March 24
Climbing Stairs
How to notice the recurrence from the last two choices and use that as an entry point to dynamic programming.
Dynamic Programming Beginner 15 min TypeScript
You are climbing a staircase. To reach the top with n steps, you can climb 1 or 2 steps at a time.
Return how many distinct ways there are to reach the top.
Example:
Input: n = 3
Output: 3
The ways are: 1+1+1, 1+2, 2+1.
What to notice before coding
- The problem asks for the number of ways, not the minimum number of moves.
- To reach the current step, the last jump can only be 1 or 2.
- The same subproblems repeat if you use pure recursion.
Common mistakes
- confusing the problem with minimizing steps
- getting the base cases wrong for `n = 1` and `n = 2`
Step 1 — Ask where the last move could have come from
To reach step n, the last move can only be:
- from
n - 1ton - from
n - 2ton
There is no third option.
That already suggests that the number of ways to reach n depends on the two previous cases.
Step 2 — Write the recursive baseline
The first correct idea is usually:
export function climbStairs(n: number): number {
if (n <= 2) {
return n
}
return climbStairs(n - 1) + climbStairs(n - 2)
}
It works. But it repeats a lot of work.
To calculate climbStairs(5), for example, you recalculate climbStairs(3) more than once.
Step 3 — Identify the recurrence
The core relationship is:
ways(n) = ways(n - 1) + ways(n - 2)
Because every path to n must end from one of those two previous steps.
Step 4 — Store only what really matters
You do not need the whole recursion tree.
You only need to know:
- how many ways reach the previous step
- how many ways reach two steps before
Everything else can be discarded as you move forward.
The interactive editor needs JavaScript. You can still read the prompt and copy the starter code below.
Starter code
export function climbStairs(n: number): number {
// your solution here
return 0
}
Haven't solved it yet?
Viewing the solution now may reduce learning. It's worth trying a bit more.
Open the reference solution
Without JavaScript, the reference solution is shown inline instead of in a dialog.
Solution
Final complexity
Time: O(n)
Space: O(1)
Solution 1 — Pure recursion before memoization
Good for seeing the idea, bad for scaling.

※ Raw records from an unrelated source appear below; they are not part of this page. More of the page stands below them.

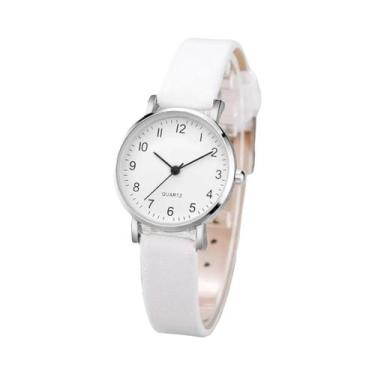 Imagem de Relógio De Pulso Feminino Com Mostrador Pequeno E Pulseira De Couro, R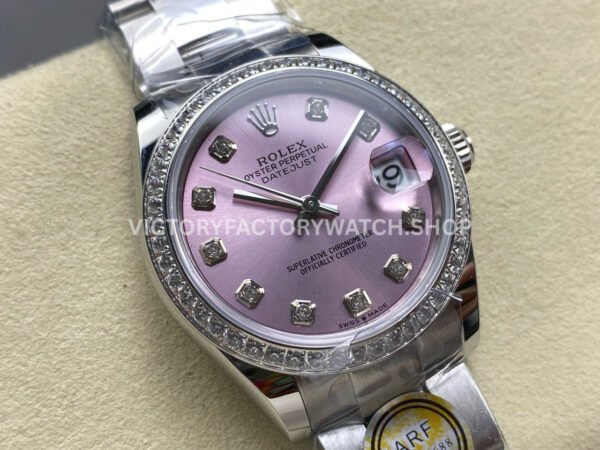ARF Factory Counterweight Rolex Datejust 278384RBR-0035 31mm Diamond Bezel Pink Dial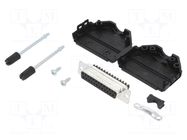Connector: D-Sub; PIN: 25; female; straight; screw terminal; 11.5mm AMPHENOL COMMUNICATIONS SOLUTIONS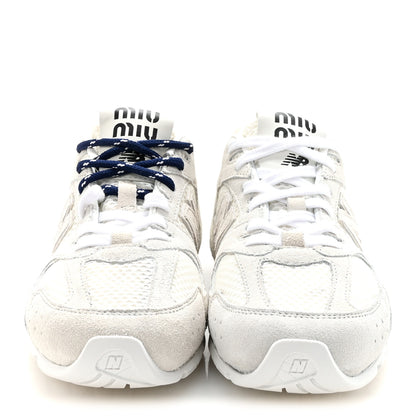 Miu Miu X NEW BALANCE Suede 530 SL Sneakers 35.5 White 3 of 10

export function climbStairs(n: number): number {
if (n <= 2) {
return n
}
return climbStairs(n - 1) + climbStairs(n - 2)
}
The problem is not the formula. It is the repeated work.
Solution 2 — dynamic programming with reduced state in O(1) space
Now the same recurrence runs iteratively.

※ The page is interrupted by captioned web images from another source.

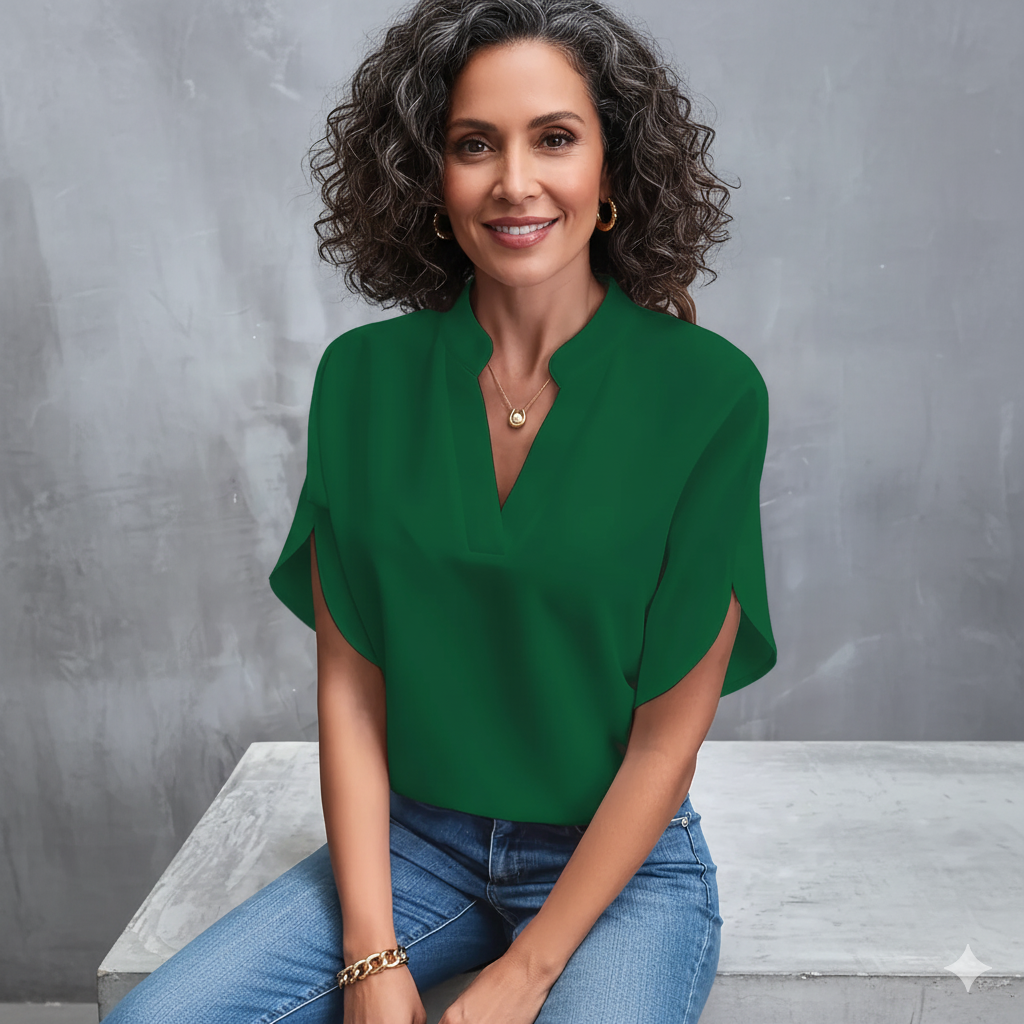 Sorrelia - Luxurious Elegant Blouse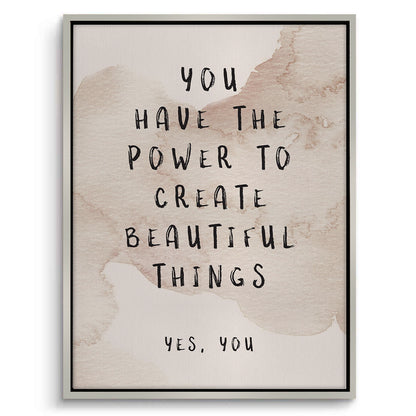 You Have The Power - Canvas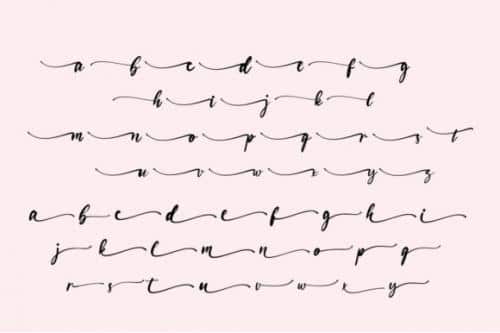 Bohemian Calligraphy Font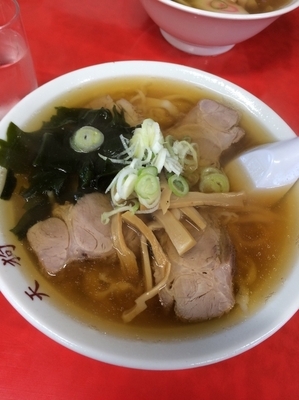 「チャーシュー麺」@手打ちらーめん 天狗の写真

export function climbStairs(n: number): number {
if (n <= 2) {
return n
}
let twoStepsBefore = 1
let oneStepBefore = 2
for (let stair = 3; stair <= n; stair += 1) {
const current = oneStepBefore + twoStepsBefore
twoStepsBefore = oneStepBefore
oneStepBefore = current
}
return oneStepBefore
}
You keep only the state needed to compute the next step.
What to say in the interview
A strong short explanation would be:
To reach step
n, the last move can only come fromn - 1orn - 2. That gives the recurrencef(n) = f(n - 1) + f(n - 2). Pure recursion works, but it recalculates subproblems. So I turn it into iterative dynamic programming and keep only the previous two states.
That shows that you:
- found the right recurrence
- explained why pure recursion wastes work
- connected dynamic programming to a concrete need
When this pattern shows up again
The same pattern comes back when you need to:
- count ways to reach a state
- build an answer from a few previous states
- replace repetitive recursion with linear dynamic programming
- recognize repeated subproblems early
The point is not memorizing “this looks like Fibonacci.”
The point is justifying where the recurrence comes from.